1. Uyuşmazlık ve Hukuki Nitelendirme

Uyuşmazlık, mirasçılık belgesinin iptali istemine ilişkindir.

2. İlgili Hukuk

1. 6100 sayılı Hukuk Muhakemeleri Kanunu’nun (6100 sayılı Kanun) 369 uncu maddesinin birinci fıkrası ile 370 ve 371 inci maddeleri,

2. 4721 sayılı Türk Medeni Kanunu’nun 598 inci maddesi.

3. Değerlendirme

1. Bölge Adliye Mahkemelerinin nihai kararlarının bozulması 6100 sayılı Kanun’un 371 inci maddesinde yer alan sebeplerden birinin varlığı hâlinde mümkündür.

2. Temyizen incelenen karar, tarafların karşılıklı iddia ve savunmalarına, dayandıkları belgelere, uyuşmazlığa uygulanması gereken hukuk kuralları ile hukuki ilişkinin nitelendirilmesine, dava şartlarına, yargılama ve ispat kuralları ile kararda belirtilen gerekçelere göre usul ve kanuna uygun olup, mirasçılık belgesinin iptalini; hak kaybı yaşayan mirasçılar, mirasçı oldukları halde mirasçılık belgesinde adı yer almayan kişiler ve yetki verilmiş kişiler tarafından açılabileceği halde davacının bu kişilerden olmadığı anlaşıldığından, davacı vekilince temyiz dilekçesinde ileri sürülen nedenler kararın bozulmasını gerektirecek nitelikte görülmemiştir.

VI. KARAR

Açıklanan sebeple;

Davacı vekilinin temyiz itirazlarının reddi ile temyiz olunan Bölge Adliye Mahkemesi kararının 6100 sayılı Kanun’un 370 inci maddesinin birinci fıkrası uyarınca ONANMASINA,

Aşağıda yazılı temyiz giderinin temyiz edene yükletilmesine,

Dosyanın İlk Derece Mahkemesine, kararın bir örneğinin Bölge Adliye Mahkemesine gönderilmesine,

02.05.2024 tarihinde kesin olmak üzere oy birliğiyle karar verildi.”

YARGITAY 2. HUKUK DAİRESİ, E. 2008/5666 K. 2008/9132 T. 23.06.2008

Daire: 2. Hukuk Dairesi

Esas No: 2008/5666

Karar No: 2008/9132

Karar Tarih: 23.06.2008

“Taraflar arasındaki davanın yapılan muhakemesi sonunda mahalli mahkemece

verilen ve yukarıda tarih numarası gösterilen hüküm temyiz edilmekle evrak okunup gereği görüşülüp

düşünüldü.

1-Dava, eser sahibinin 17.5.2002 tarihinde ölümü üzerine, miras yoluyla intikal eden mali haklarının

takibi ve korunması için; Türk Medeni Kanununun 640/3. maddesi uyarınca miras ortaklığına temsilci

atanması isteğine ilişkindir.

Mirasbırakanın; mirasçılarından (kızı) Ş..’i ölüme bağlı tasarrufu ile mirasından iskat ettiği, Şirin’in açtığı

iskatın iptaline ilişkin davanın reddedildiği, bu kararın kesinleştiği anlaşılmaktadır.
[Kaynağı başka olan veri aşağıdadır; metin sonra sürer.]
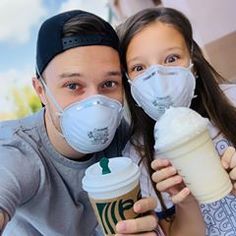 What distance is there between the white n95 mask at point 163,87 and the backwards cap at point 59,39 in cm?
13

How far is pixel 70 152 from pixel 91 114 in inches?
7.9

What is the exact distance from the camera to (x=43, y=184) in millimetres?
955

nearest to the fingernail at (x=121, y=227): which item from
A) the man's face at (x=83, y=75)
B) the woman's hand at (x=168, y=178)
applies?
the woman's hand at (x=168, y=178)

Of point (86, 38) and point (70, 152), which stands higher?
point (86, 38)

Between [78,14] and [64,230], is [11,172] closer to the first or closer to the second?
[64,230]

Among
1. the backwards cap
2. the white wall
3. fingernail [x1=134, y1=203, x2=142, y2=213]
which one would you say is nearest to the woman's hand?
fingernail [x1=134, y1=203, x2=142, y2=213]

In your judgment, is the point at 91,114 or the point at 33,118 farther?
the point at 33,118

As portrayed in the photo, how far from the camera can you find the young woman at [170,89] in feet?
3.32

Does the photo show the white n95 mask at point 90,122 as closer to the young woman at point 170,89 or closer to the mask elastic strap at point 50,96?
the mask elastic strap at point 50,96

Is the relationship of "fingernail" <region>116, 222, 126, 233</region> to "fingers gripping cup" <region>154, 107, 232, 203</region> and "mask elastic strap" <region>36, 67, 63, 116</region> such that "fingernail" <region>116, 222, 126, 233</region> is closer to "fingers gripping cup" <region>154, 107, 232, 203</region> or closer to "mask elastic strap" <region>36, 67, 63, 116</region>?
"fingers gripping cup" <region>154, 107, 232, 203</region>

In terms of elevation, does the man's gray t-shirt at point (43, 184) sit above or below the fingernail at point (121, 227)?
below

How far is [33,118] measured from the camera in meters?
1.16

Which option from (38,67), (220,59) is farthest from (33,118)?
(220,59)

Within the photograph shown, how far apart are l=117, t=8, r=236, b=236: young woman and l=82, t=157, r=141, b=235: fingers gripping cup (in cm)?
22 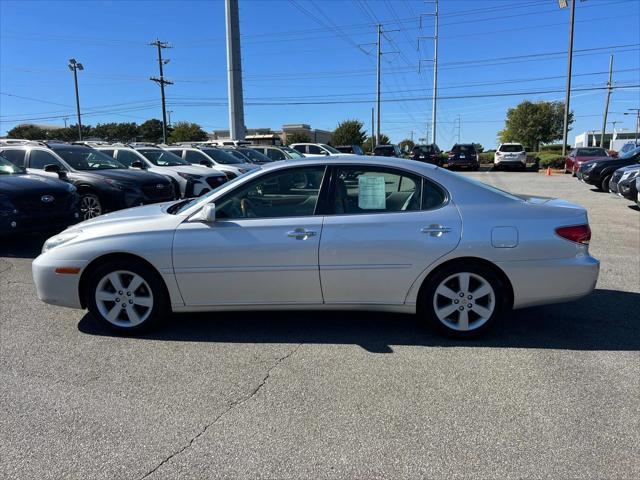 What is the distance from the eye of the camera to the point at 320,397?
336 cm

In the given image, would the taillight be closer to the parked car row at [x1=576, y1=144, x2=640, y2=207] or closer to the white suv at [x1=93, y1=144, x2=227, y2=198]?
the white suv at [x1=93, y1=144, x2=227, y2=198]

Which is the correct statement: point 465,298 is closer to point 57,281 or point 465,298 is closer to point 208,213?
point 208,213

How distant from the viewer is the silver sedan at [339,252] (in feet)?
13.4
Mirasbırakan çıkardığı

mirasçının miras payına yönelik başka türlü bir tasarrufta bulunmadığına göre mirasçılıktan çıkarılanın

alt soyu, o kimse mirasbırakandan önce ölmüş gibi saklı payını isteyebilir.(TMK. 511/son) O halde;

Şirin miras ortaklığına dahil değildir. Şirin’in çocuğu Emre’nin (ergin olmadığından) yasal temsilcilerine

husumetin yöneltilmesi gerekirken, eksik hasımla hüküm kurulması doğru görülmemiştir.
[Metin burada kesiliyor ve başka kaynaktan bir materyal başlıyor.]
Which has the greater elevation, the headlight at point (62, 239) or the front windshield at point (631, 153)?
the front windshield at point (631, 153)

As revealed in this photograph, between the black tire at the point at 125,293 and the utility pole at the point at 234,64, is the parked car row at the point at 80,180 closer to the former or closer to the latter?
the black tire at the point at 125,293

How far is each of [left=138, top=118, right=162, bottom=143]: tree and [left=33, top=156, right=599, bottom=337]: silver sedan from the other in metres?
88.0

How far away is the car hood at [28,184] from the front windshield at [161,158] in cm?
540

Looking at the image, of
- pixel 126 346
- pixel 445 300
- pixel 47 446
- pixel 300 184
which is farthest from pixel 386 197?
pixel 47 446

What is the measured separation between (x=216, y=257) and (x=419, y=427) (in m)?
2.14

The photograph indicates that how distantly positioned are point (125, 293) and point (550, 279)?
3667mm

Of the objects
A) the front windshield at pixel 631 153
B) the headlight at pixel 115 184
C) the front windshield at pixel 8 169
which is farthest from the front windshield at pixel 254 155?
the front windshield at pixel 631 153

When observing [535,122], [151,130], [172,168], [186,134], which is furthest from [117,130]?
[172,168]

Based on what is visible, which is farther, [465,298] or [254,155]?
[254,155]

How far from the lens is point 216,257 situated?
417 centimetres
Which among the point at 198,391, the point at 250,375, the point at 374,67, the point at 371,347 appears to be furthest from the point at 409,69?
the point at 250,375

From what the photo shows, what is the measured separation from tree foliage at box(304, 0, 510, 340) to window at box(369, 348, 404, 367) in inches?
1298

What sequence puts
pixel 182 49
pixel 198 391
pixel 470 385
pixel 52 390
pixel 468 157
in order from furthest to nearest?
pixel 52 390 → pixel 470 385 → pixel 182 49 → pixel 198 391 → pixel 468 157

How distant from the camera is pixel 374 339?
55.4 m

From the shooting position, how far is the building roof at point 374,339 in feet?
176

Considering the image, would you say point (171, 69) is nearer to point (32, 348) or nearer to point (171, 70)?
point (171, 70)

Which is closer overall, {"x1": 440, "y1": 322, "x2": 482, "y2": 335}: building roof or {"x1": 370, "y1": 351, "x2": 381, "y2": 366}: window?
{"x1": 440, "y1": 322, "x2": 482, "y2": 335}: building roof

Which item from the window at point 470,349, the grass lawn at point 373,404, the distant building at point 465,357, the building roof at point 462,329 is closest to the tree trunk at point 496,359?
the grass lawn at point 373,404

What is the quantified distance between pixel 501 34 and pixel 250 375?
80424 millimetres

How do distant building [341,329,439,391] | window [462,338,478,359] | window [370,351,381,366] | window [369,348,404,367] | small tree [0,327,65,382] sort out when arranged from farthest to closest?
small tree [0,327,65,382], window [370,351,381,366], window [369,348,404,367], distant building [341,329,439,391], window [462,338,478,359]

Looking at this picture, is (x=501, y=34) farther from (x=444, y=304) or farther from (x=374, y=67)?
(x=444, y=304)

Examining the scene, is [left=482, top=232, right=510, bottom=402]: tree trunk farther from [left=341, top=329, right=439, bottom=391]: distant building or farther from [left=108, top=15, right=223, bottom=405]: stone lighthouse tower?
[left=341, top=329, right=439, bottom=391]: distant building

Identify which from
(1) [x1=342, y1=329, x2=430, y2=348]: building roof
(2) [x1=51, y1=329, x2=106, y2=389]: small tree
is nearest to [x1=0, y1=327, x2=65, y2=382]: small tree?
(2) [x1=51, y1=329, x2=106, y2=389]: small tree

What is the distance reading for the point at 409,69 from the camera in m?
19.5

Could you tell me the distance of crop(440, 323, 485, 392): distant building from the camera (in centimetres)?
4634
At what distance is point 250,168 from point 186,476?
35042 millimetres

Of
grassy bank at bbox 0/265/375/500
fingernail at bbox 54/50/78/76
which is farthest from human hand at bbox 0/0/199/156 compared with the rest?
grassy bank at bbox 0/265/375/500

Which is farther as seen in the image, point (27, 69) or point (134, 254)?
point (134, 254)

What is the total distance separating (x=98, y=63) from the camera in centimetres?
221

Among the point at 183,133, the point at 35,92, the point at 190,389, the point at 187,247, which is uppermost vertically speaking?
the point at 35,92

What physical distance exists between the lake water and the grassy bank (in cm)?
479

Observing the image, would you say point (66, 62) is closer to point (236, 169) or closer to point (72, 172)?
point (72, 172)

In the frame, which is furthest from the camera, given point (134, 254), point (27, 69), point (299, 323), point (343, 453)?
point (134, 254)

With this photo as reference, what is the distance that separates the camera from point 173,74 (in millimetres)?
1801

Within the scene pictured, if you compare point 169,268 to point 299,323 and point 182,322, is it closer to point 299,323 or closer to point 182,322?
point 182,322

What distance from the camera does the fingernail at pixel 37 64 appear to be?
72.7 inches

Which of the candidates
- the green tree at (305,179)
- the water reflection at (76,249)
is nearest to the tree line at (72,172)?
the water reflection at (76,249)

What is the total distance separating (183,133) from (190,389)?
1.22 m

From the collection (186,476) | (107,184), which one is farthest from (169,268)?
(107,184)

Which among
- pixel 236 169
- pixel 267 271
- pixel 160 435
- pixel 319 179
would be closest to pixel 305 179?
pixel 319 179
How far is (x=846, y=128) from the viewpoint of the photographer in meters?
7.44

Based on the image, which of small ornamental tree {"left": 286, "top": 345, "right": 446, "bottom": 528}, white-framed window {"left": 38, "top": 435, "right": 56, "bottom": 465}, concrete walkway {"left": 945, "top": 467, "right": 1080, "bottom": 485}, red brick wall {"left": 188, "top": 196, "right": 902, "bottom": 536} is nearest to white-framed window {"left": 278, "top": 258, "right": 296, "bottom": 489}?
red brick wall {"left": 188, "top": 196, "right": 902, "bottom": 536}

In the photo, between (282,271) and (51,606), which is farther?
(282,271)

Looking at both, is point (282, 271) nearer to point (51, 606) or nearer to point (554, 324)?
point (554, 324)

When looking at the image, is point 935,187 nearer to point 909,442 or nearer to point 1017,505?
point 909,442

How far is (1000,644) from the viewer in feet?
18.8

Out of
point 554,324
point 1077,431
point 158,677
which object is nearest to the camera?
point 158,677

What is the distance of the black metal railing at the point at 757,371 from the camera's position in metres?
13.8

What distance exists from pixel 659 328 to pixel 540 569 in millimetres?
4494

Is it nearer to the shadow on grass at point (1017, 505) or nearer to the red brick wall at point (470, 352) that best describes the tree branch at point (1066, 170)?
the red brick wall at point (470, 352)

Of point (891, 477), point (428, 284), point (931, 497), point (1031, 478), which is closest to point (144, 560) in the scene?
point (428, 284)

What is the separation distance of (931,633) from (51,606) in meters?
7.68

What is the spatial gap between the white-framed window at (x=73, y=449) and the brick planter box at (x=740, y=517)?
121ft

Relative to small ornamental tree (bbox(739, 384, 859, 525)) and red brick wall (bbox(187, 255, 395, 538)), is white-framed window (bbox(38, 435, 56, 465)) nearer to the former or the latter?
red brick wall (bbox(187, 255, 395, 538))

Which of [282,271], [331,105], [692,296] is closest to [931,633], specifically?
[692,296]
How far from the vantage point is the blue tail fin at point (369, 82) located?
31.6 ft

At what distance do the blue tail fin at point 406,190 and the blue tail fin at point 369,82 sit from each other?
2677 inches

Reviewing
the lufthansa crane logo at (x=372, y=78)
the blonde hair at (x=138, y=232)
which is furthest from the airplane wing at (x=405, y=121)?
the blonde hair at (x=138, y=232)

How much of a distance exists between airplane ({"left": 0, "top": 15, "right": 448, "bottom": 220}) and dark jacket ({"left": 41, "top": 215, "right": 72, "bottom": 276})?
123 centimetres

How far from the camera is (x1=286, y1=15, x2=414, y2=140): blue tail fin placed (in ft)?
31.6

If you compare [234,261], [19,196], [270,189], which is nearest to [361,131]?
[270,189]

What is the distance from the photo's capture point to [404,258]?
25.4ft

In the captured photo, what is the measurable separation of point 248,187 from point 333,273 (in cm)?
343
2-Yasal mirasçılardan F..’ın kısıtlandığı ve kardeşi B..’in vasi atandığı anlaşılmaktadır.F..vasisi B.. de yasal

mirasçı olup davaya taraftır. Kısıtlı ile kendi menfaati çatışma halindedir. F..’ı temsil etmek üzere kayyım

tayin ettirilmesi, (TMK. 426/2) kayyımın davaya dahil edilmesi ve gösterdiği takdirde delilleri toplanarak

ulaşılacak sonuç uyarınca karar verilmesi gerekirken, açıklanan husus gözetilmeden hüküm kurulması

doğru bulunmamıştır.

SONUÇ: Hükmün yukarıda gösterilen sebeplerle BOZULMASINA oybirliğiyle karar verildi.”

Sıkça Sorulan Sorular

Evlatlıktan red (mirasçılıktan çıkarma) hususunda diğer merak edilenleri sizin için derledik.
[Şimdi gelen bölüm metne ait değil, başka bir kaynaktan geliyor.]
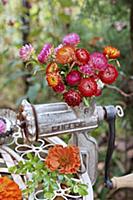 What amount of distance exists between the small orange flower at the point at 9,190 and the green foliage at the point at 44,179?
0.02 m

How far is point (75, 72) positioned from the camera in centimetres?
79

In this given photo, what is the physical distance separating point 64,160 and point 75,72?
0.15 meters

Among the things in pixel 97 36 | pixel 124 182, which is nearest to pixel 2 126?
pixel 124 182

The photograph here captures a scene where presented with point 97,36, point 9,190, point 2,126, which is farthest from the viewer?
point 97,36

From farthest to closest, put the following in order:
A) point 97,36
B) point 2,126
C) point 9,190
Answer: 1. point 97,36
2. point 2,126
3. point 9,190

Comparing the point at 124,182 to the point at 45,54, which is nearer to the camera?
the point at 45,54

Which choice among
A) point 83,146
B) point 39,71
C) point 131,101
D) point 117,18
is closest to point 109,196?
point 131,101

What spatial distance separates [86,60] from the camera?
2.59 ft

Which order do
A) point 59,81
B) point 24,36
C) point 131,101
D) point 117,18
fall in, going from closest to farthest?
point 59,81, point 131,101, point 117,18, point 24,36

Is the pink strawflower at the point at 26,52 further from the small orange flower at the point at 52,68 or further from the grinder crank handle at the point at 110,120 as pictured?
the grinder crank handle at the point at 110,120

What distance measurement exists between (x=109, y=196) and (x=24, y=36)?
2.83ft

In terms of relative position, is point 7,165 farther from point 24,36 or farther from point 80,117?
point 24,36

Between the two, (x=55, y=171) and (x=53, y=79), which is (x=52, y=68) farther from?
(x=55, y=171)

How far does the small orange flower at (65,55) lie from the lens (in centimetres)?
78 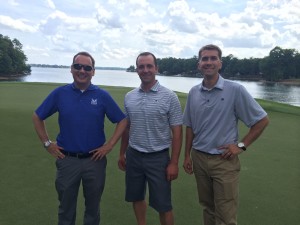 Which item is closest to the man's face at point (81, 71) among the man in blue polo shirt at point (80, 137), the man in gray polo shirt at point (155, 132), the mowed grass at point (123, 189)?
the man in blue polo shirt at point (80, 137)

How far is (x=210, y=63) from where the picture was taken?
3252 mm

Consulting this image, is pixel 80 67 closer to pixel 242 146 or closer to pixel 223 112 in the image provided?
pixel 223 112

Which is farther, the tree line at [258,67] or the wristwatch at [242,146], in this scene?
the tree line at [258,67]

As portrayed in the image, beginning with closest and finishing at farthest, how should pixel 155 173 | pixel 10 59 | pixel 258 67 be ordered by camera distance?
1. pixel 155 173
2. pixel 10 59
3. pixel 258 67

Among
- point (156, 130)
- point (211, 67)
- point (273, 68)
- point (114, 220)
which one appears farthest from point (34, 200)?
point (273, 68)

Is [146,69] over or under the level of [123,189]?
over

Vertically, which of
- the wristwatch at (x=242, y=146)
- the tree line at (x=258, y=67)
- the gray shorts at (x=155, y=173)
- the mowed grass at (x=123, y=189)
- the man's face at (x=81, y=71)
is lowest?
the tree line at (x=258, y=67)

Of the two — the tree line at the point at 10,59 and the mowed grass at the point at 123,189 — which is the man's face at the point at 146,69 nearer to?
the mowed grass at the point at 123,189

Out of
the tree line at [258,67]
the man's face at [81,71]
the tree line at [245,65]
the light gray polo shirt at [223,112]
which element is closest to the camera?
the light gray polo shirt at [223,112]

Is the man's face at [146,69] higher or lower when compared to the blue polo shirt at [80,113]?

Evlatlıktan red davası var mı?

Hayır, Türk hukukunda “evlatlıktan red davası” şeklinde bir dava türü bulunmamaktadır. 

Hukukumuzda evlatlıktan reddetme veya çıkarma şeklinde bir düzenleme yoktur. Halk arasında kullanılan bu kavramın hukuki karşılığı Türk Medeni Kanunu m. 510-513 arasında düzenlenen mirasçılıktan çıkarma (ıskat) işlemidir. 

Baba çocuğunu evlatlıktan reddedebilir mi?

Evet, baba kanunda belirtilen sebeplerle çocuğunu mirasçılıktan çıkarabilir. 

Çocuk, babasına veya babasının yakınlarına karşı ağır bir suç işlemişse ya da aile hukukundan kaynaklanan yükümlülüklerini önemli ölçüde ihlal etmişse, babanın evlatlıktan reddetmesi mümkündür.

Anne çocuğunu evlatlıktan reddedebilir mi?

Evet, anne de tıpkı baba gibi kanunda belirtilen sebeplerle çocuğunu mirasçılıktan çıkarabilir. 

Anne çocuğunu evlatlıktan reddetme işlemi için de aynı şartlar ve prosedürler geçerlidir. Eğer çocuk, annesinin veya annesinin yakınlarına karşı ağır bir suç işlemişse ya da aile hukukundan kaynaklanan yükümlülüklerini önemli ölçüde ihlal etmişse, anne ölüme bağlı tasarrufla çocuğunu mirasçılıktan çıkarabilir. 

Hangi avukat evlatlıktan red davasına bakar?

Mirasçılıktan çıkarma (ıskat) yani evlatlıktan red davalarına miras hukuku alanında uzmanlaşmış bir avukat bakar. 

Miras hukuku davaları teknik hukuki bilgi gerektirdiğinden, mirasçılıktan çıkarma işlemleri veya bu işlemlerin iptali için uzman bir miras avukatından destek alınması büyük önem taşımaktadır.